Records shown »
++++++++++++++++++++

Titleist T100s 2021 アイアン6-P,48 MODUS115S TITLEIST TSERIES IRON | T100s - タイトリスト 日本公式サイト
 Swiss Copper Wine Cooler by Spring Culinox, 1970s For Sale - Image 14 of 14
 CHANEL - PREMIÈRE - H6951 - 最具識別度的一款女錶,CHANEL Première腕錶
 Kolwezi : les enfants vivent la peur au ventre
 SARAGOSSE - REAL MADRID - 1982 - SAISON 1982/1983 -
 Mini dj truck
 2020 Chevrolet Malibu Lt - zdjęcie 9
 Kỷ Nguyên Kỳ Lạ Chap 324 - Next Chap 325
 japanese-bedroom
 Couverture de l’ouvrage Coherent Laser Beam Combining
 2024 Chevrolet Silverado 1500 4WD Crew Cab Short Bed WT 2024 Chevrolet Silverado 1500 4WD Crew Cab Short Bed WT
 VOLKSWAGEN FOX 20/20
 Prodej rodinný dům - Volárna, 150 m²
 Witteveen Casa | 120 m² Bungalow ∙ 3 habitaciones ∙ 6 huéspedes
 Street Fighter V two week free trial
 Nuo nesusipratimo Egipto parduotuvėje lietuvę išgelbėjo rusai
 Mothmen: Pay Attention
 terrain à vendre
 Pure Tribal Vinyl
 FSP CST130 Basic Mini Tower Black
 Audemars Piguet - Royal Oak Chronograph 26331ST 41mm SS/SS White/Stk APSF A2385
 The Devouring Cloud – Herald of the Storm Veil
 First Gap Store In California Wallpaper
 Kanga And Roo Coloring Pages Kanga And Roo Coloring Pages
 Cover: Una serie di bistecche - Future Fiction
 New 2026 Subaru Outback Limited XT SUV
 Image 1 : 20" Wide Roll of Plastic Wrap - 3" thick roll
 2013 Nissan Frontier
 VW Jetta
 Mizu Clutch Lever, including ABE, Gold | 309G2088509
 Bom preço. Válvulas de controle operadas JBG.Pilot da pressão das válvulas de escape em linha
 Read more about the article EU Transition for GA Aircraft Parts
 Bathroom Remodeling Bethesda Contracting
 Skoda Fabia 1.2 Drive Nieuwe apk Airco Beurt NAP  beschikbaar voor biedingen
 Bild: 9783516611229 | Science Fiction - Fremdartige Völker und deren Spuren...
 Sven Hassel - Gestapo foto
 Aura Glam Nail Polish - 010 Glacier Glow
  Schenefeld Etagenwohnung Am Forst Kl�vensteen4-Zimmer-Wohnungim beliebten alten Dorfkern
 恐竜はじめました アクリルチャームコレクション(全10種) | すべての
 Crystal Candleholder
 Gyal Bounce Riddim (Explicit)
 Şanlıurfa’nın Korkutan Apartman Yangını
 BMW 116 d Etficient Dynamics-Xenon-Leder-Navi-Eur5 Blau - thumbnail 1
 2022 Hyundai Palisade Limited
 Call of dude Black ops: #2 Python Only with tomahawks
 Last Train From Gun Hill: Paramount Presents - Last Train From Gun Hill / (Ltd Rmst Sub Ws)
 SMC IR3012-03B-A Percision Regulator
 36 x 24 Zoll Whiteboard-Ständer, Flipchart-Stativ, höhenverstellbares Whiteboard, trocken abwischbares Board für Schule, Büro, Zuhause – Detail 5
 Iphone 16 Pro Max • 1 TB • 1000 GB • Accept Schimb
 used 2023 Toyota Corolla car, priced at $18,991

++++++++++++++++++++

Required work »
One stretch of the lines above is wanted, from the line that contains "Sven Hassel - Gestapo foto" through the line that contains "Gyal Bounce Riddim (Explicit)". Output it exactly.

Answer area »
 Sven Hassel - Gestapo foto
 Aura Glam Nail Polish - 010 Glacier Glow
  Schenefeld Etagenwohnung Am Forst Kl�vensteen4-Zimmer-Wohnungim beliebten alten Dorfkern
 恐竜はじめました アクリルチャームコレクション(全10種) | すべての
 Crystal Candleholder
 Gyal Bounce Riddim (Explicit)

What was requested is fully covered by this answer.